Letztlich sind achtzehn Geschichten in den Tätowierungen verborgen. So leben die Menschen in der Zukunft in schalldichten Lebensglück-Häusern, die die Aufgaben der Hausfrau, Mutter und Kindermädchen übernehmen und dessen zwölf mal zwölf Meter großes und neun Meter hohes Kinderzimmer das Prunkstück darstellt. George Hadley und seine Frau Lydia sind beunruhigt, dass ihre Kinder Peter und Wendy mittels telepathischer Gedankenströme eine lebensechte afrikanische Steppe haben entstehen lassen, der sie sich nicht mehr entziehen wollen, seit ihre Eltern ihnen verboten hatten, mit der Rakete nach New York zu fliegen. Dafür rächen sich sie sich jetzt auf ihre Weise …
Vor allem geht es aber um Reisen in den Weltraum.
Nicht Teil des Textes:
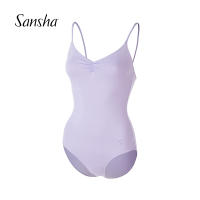 Sansha ผู้หญิง Camisole Leotards ผ้าฝ้าย Lycra Ballet Leotards เครื่องแต่งกายสำหรับสุภาพสตรีฟิตเนสโยคะยิมนาสติก Dancewear L1551C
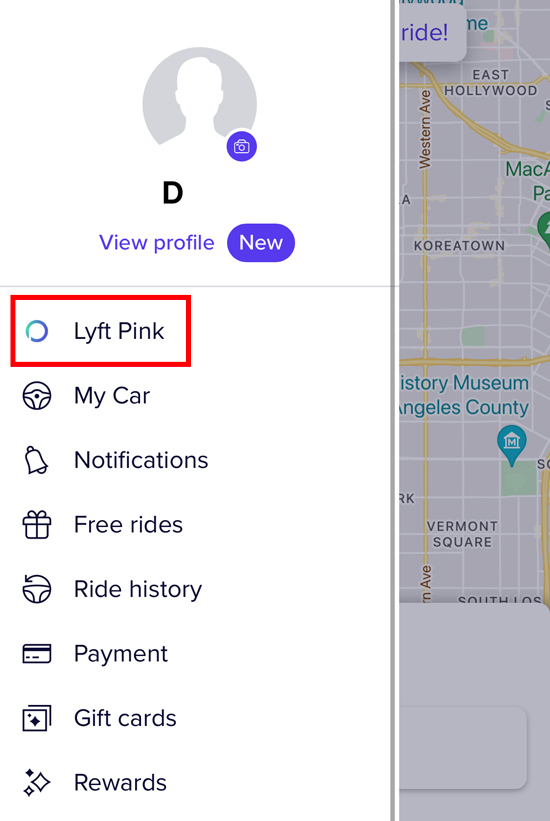 Steps to join Lyft Pink: Tap menu then Lyft Pink
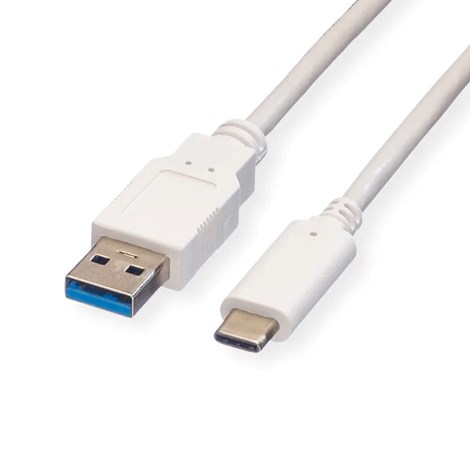 Roline VALUE USB3.0 kabel, A-C, M/M, 0.5m, bijeli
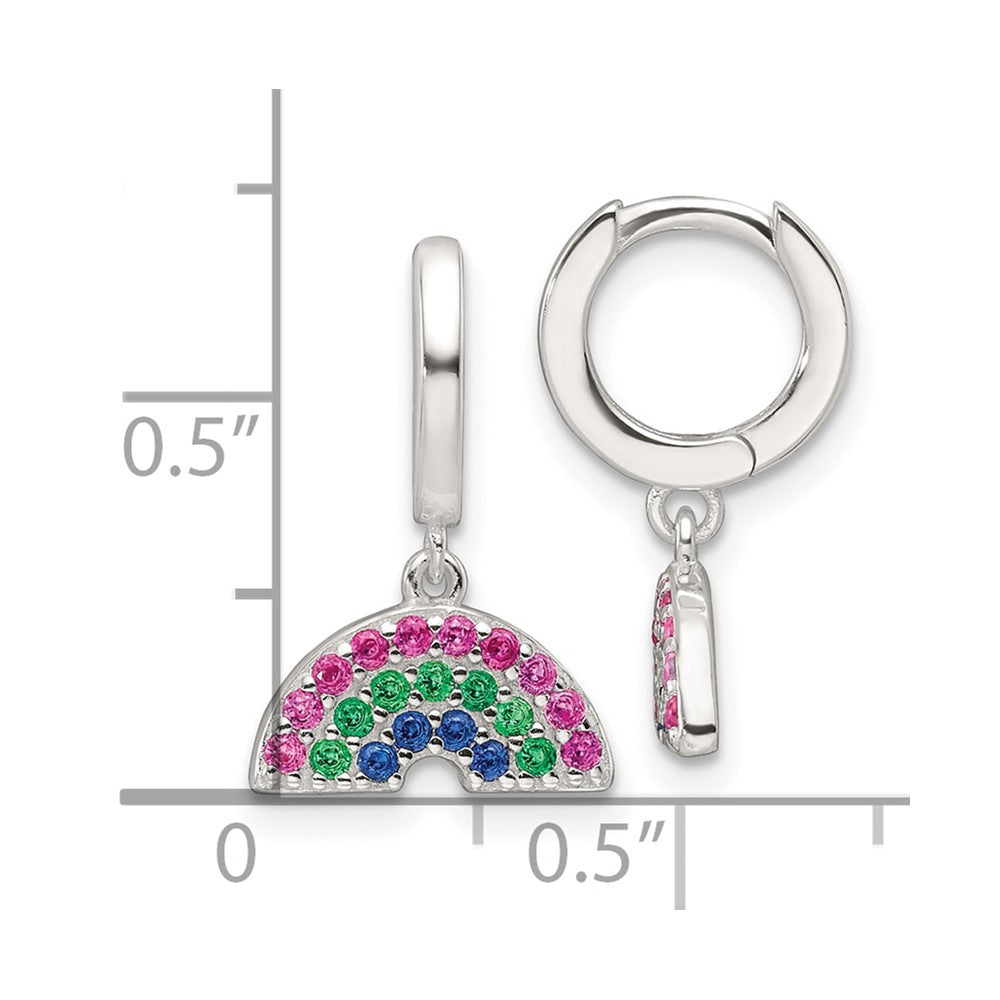 Sterling Silver E-Coating Multicolor CZ Dangle Rainbow Hoop Earrings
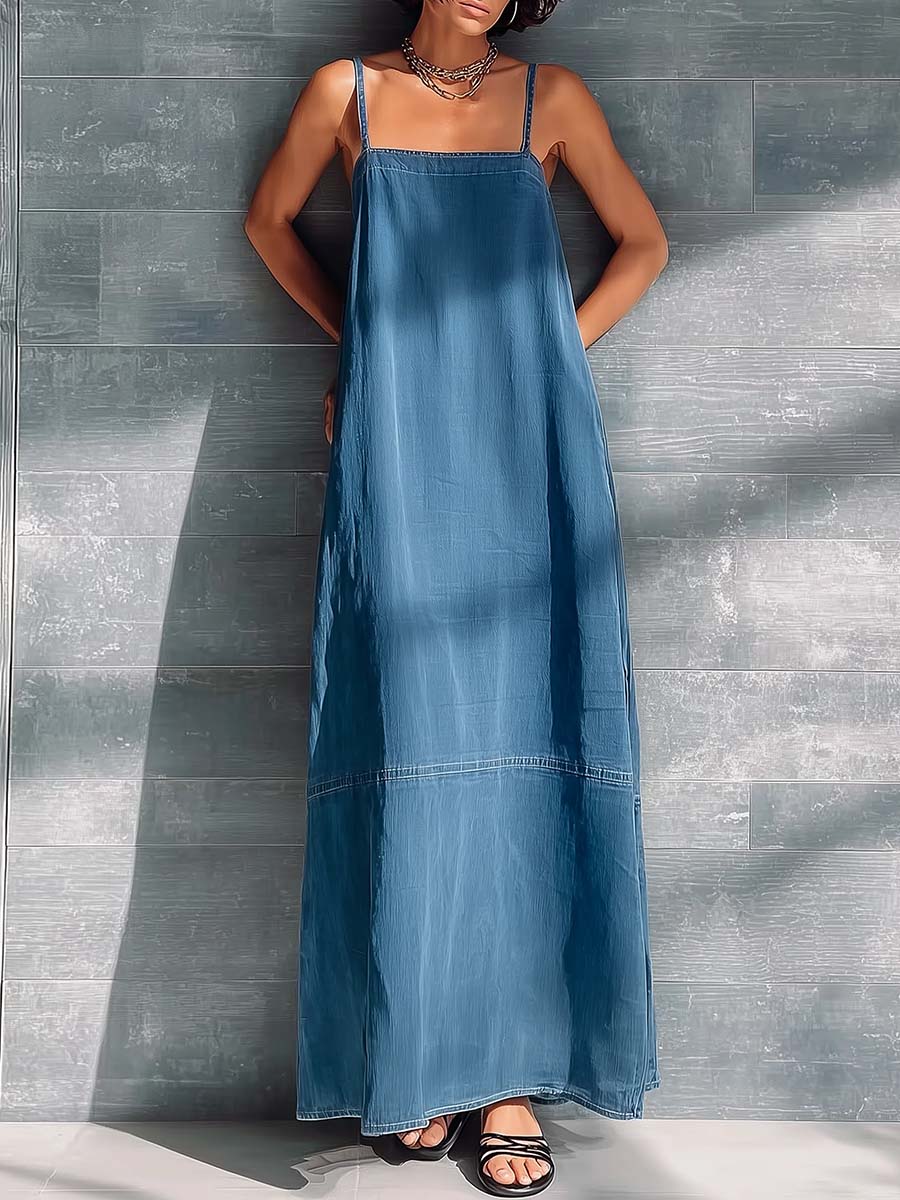 Women's Sleeveless Casual Loose Denim Suspender Dress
In „Kaleidoskop“ werden Raumfahrer, nachdem ihr Schiff von einem Kometen getroffen und aufgeschlitzt worden ist, in den Weltraum hinausgeschleudert und in verschiedene Richtungen getrieben. Während sie immer schneller auseinandertreiben, bleiben sie zunächst noch über Funk verbunden. Zwischen dem Kommandanten Hollis und Applegate werden lange währende Animositäten ausgesprochen. Lespere wiederum blickt zufrieden auf sein Leben zurück, der auf dem Mars, der Venus und dem Jupiter jeweils reiche Frauen hatten, die ihn verwöhnten. Als Stone von einem Meteorenschwarm mitgerissen wird, beginnt Hollis mit Reue auf seine Verfehlungen zurückzublicken …
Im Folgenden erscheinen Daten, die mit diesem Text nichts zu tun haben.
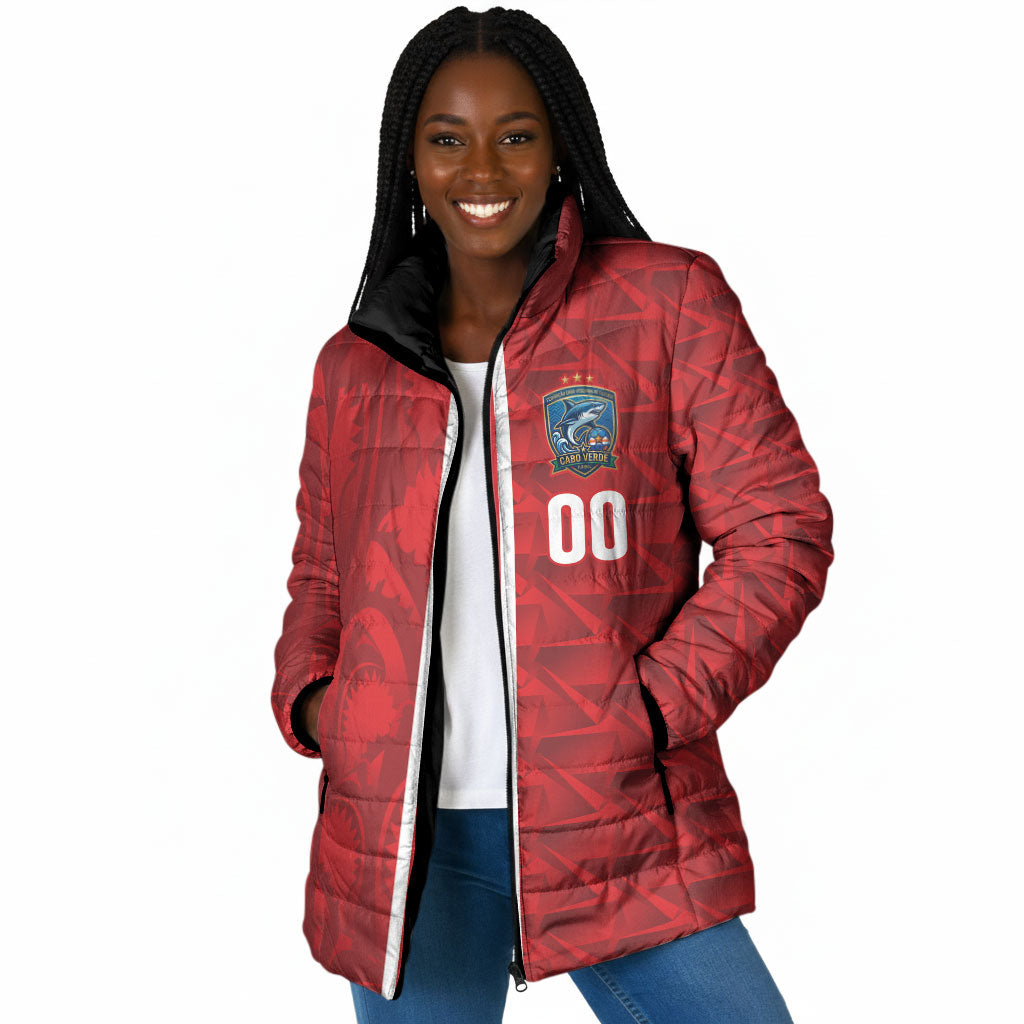 Cabo Verde Kopa di Mundu Custom Padded Jacket Atlantic Waves Red Edition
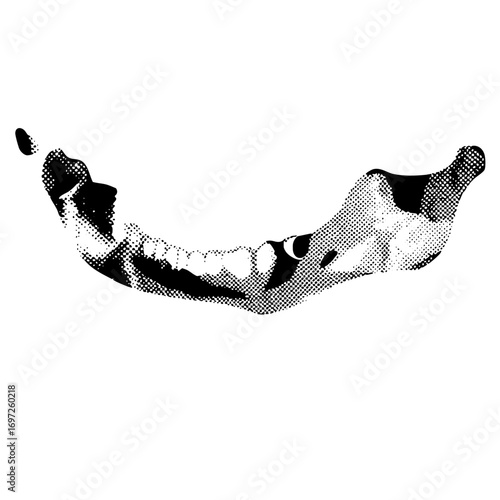 Vector Halftone grinning jaw with missing teeth.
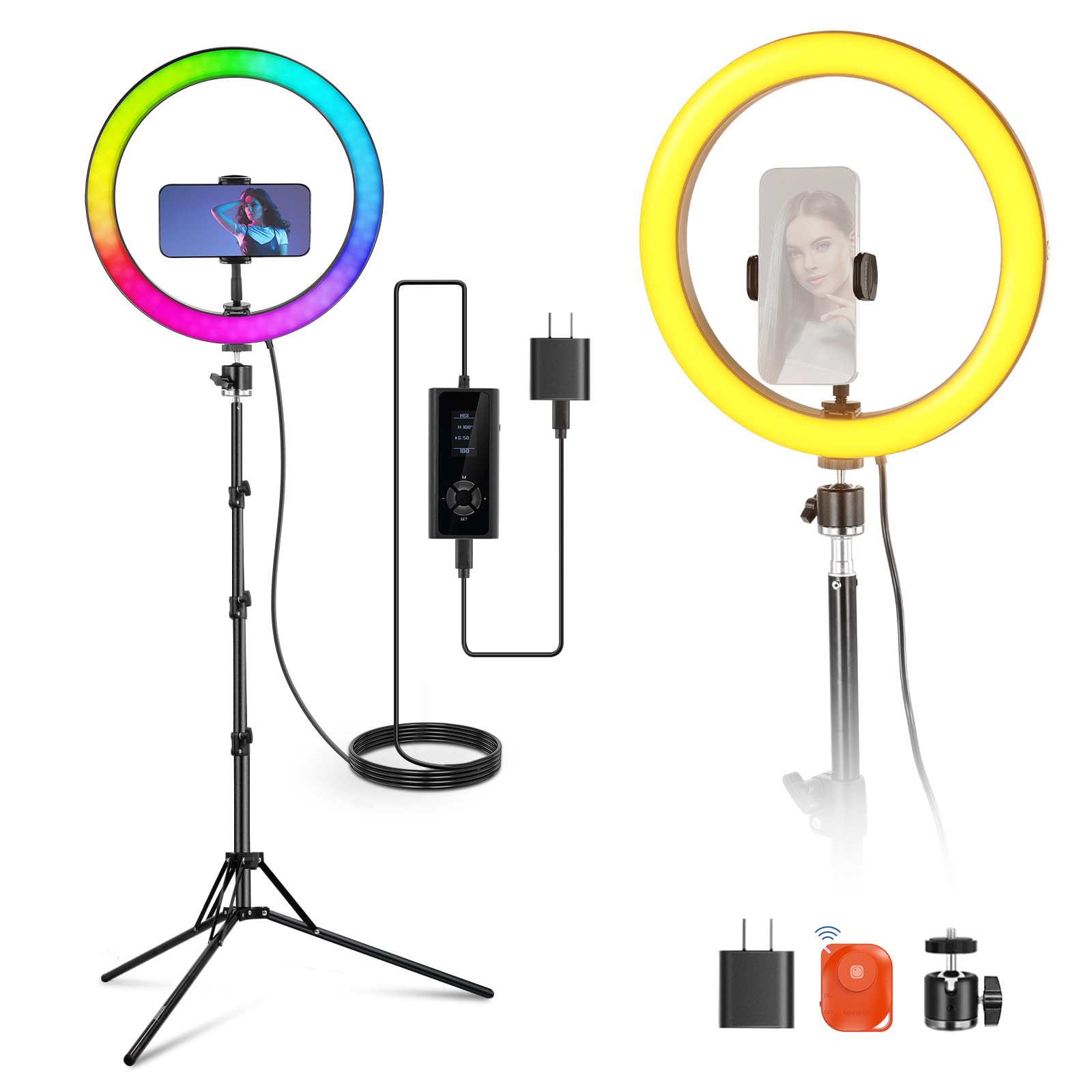 NEEWER 12" Ring Light with Stand Tripod Compatible with iPhone, 24W LED RGB Lighting with Phone Holder for Selfie Studio Photography Video Recording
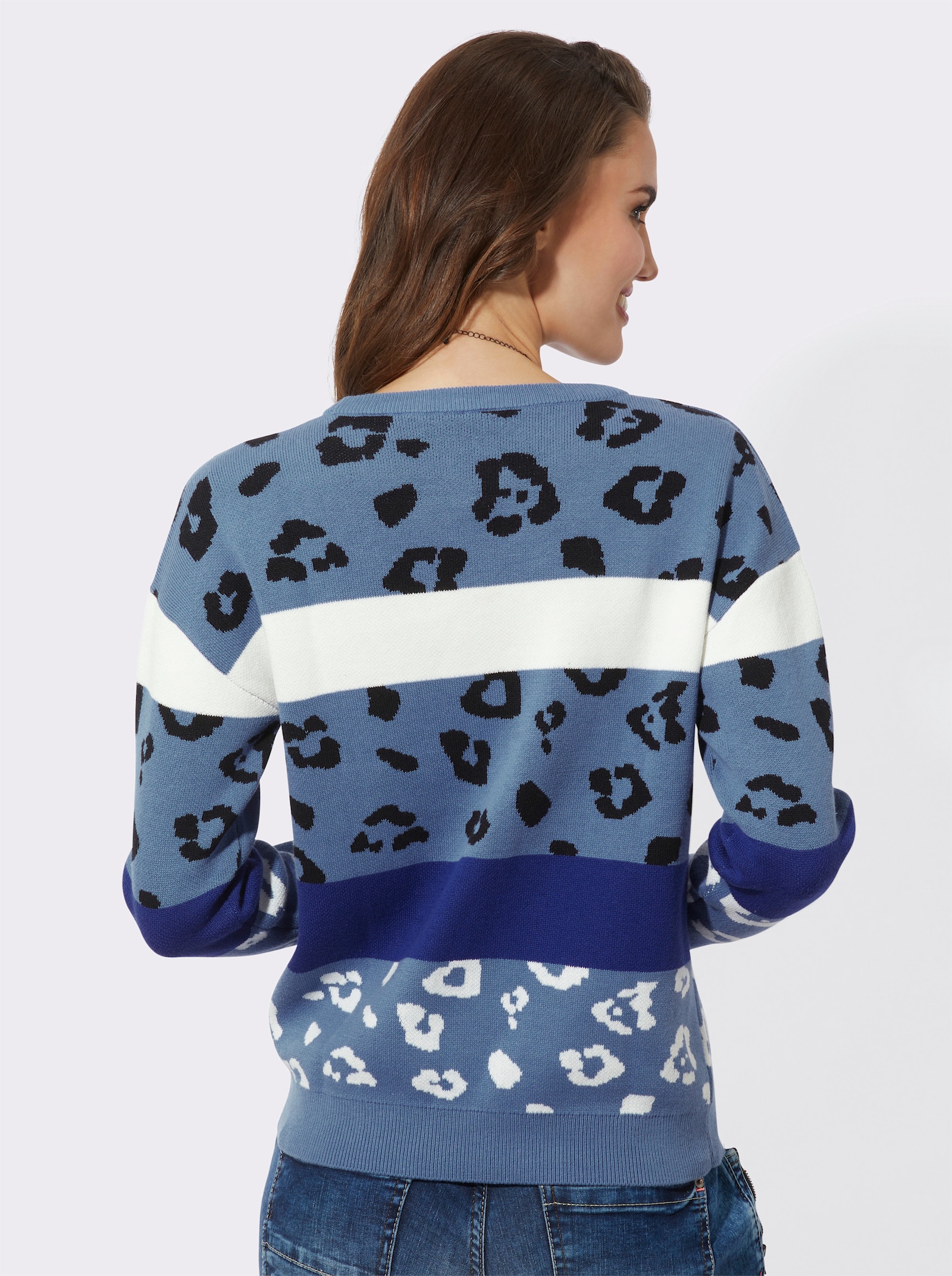 Pullover mit Glitzersteinchen-Schriftzug - mittelblau-royalblau-gemustert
Andere Geschichten wie die Apartheit thematisierende Story „Die andere Haut“, die religiös motivierte Erzählung „Der Mann“, „Der Raumfahrer“, „Die Feuerballons“ oder „Der Besucher“ entwickeln verschiedene Szenarien, die Bradbury bereits in seinem gefeierten Debüt „Die Mars-Chroniken“ thematisiert hat, so das sinnlose Morden aus Angst oder Gier, das Einschleppen von Seuchen, die die Urbewohner eines Planeten dahinraffen, Atomkriege, vor denen die Menschen auf andere Planeten flüchten, aber auch das Verbannen und Zerstören von Büchern unbequemer Autoren wie Hawthorne, Blackwood, Poe, Lovecraft, Machen und Bierce in „Die Verbannten“ sind aus Bradburys Debüt und seinem nachfolgenden berühmten Meisterwerk „Fahrenheit 451“ bekannt.
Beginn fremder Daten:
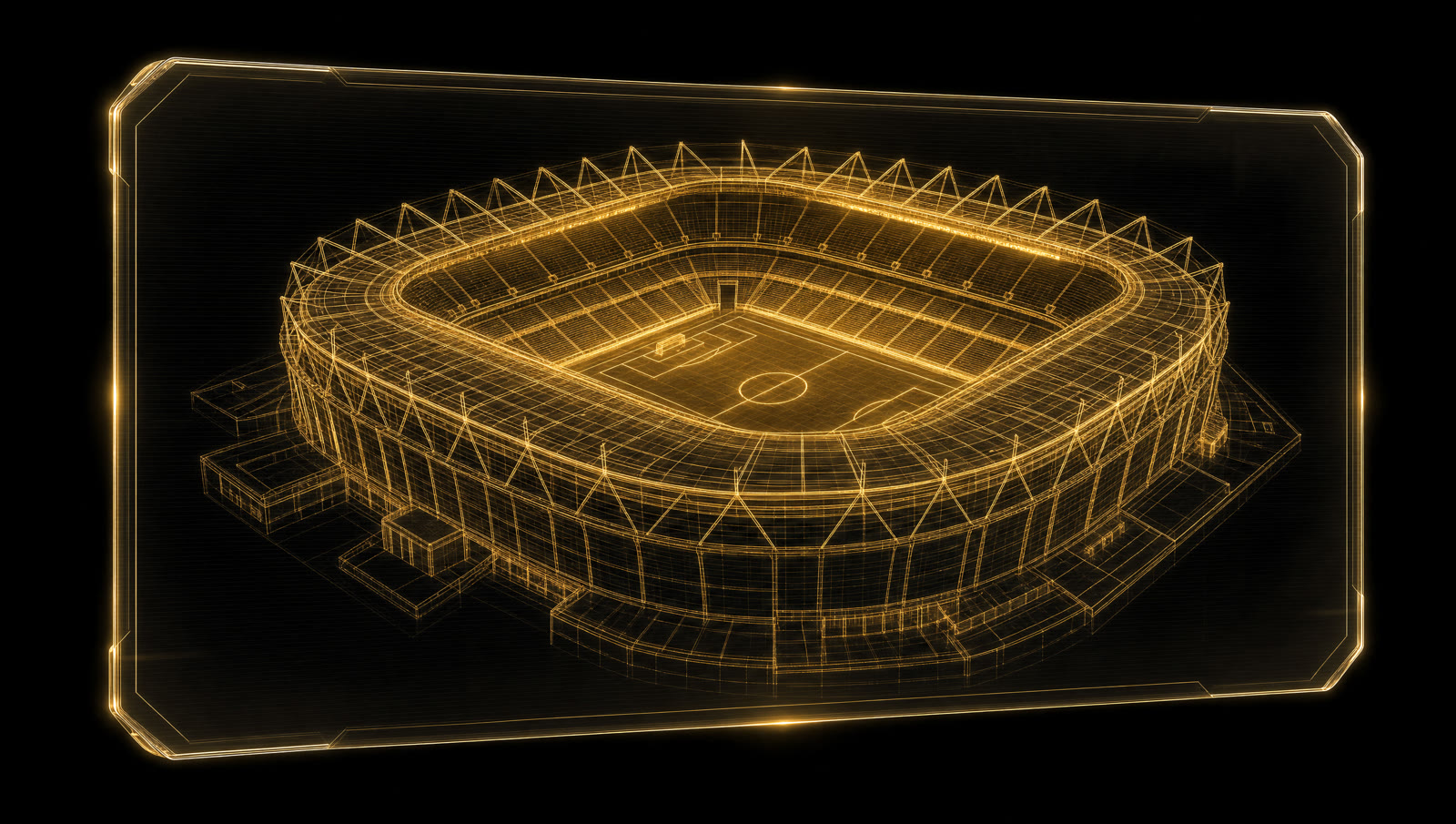 Gold wireframe stadium hologram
„Diese sauberen jungen Raumfahrer mit ihren antiseptischen Pumphöschen und Aquariumshelmen, mit ihrer neuen Religion. Um ihre Hälse tragen sie Skalpelle an goldenen Kettchen, auf ihren Köpfen Diademe von Mikroskopen. In ihren geheiligten Fingern halten sie dampfende Weihrauchgefäße, die in Wirklichkeit nur Sterilisatoren sind, im mit ihnen die Keime des Aberglaubens abzutöten.“ (S. 170)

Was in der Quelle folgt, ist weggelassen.